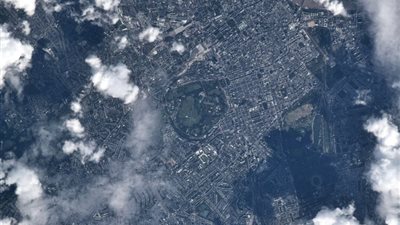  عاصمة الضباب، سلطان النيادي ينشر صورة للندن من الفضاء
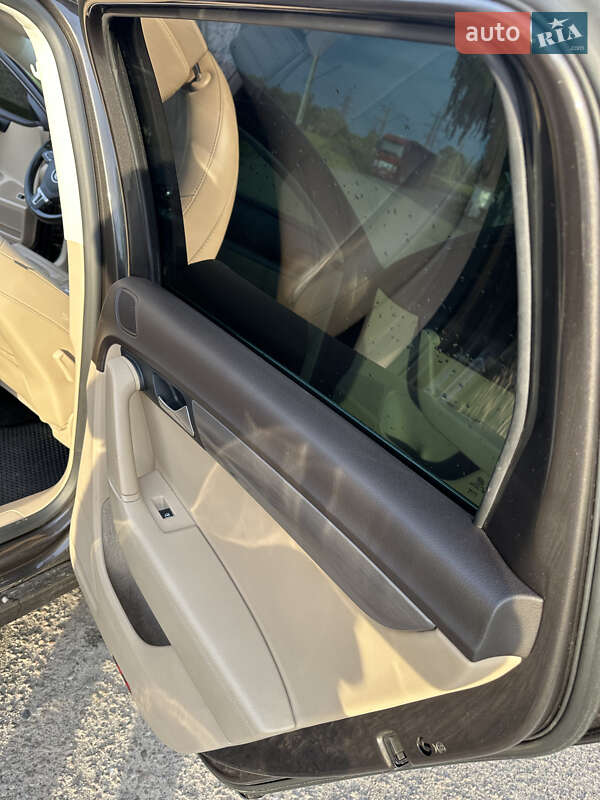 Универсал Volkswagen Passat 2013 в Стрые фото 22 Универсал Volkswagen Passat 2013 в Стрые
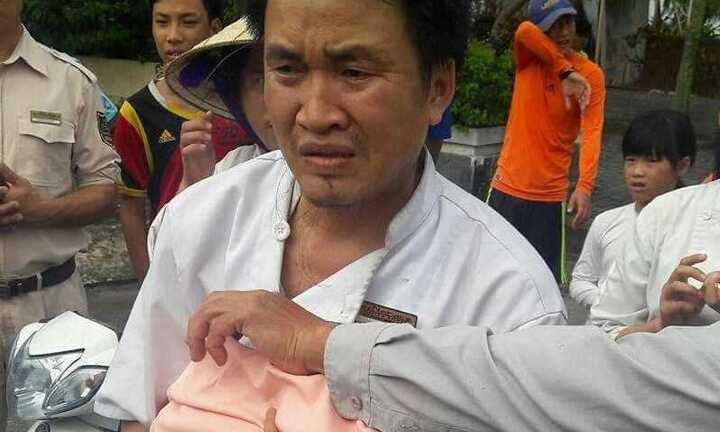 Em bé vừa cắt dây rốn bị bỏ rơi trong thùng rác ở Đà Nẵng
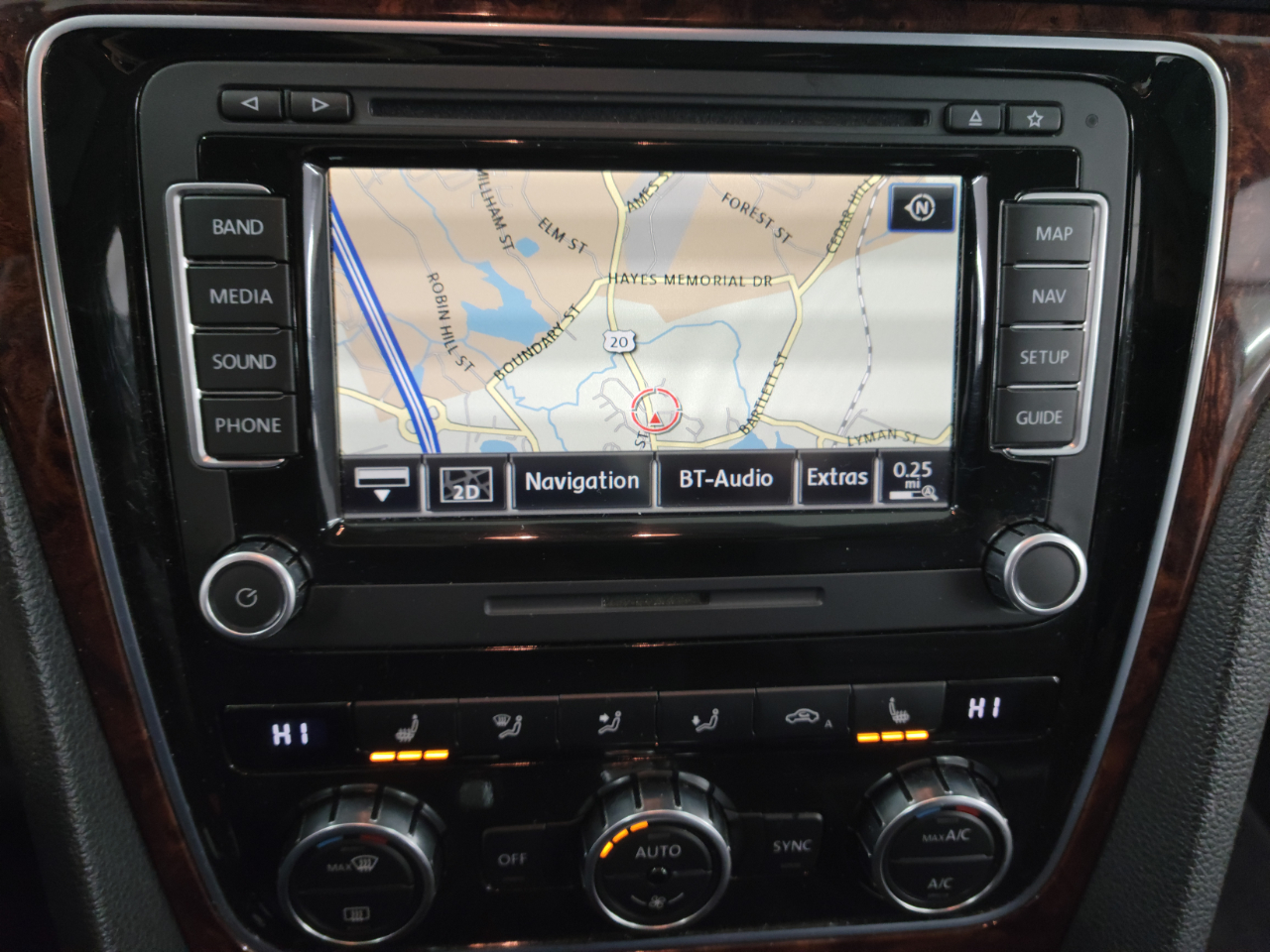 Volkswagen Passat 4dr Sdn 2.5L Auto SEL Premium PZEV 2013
______
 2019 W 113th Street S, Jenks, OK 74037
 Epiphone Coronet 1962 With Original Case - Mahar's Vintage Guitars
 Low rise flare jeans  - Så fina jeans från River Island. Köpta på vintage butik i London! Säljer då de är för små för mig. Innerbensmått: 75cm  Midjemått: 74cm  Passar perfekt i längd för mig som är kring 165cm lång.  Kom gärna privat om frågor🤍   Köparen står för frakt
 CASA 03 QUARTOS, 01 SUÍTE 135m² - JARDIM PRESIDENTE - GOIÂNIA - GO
______
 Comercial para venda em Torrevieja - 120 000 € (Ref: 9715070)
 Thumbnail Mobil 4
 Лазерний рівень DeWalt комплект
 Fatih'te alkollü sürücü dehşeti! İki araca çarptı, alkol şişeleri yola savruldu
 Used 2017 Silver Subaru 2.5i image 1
______
INSTRUCTIONS FOR THE TASK —
Return the stretch of data that begins with the line showing "Универсал Volkswagen Passat 2013 в Стрые фото" and goes on through the line showing "Volkswagen Passat 4dr", exactly, with pictures removed.

RESULT BELOW —
 Универсал Volkswagen Passat 2013 в Стрые фото 22 Универсал Volkswagen Passat 2013 в Стрые
 Em bé vừa cắt dây rốn bị bỏ rơi trong thùng rác ở Đà Nẵng
 Volkswagen Passat 4dr Sdn 2.5L Auto SEL Premium PZEV 2013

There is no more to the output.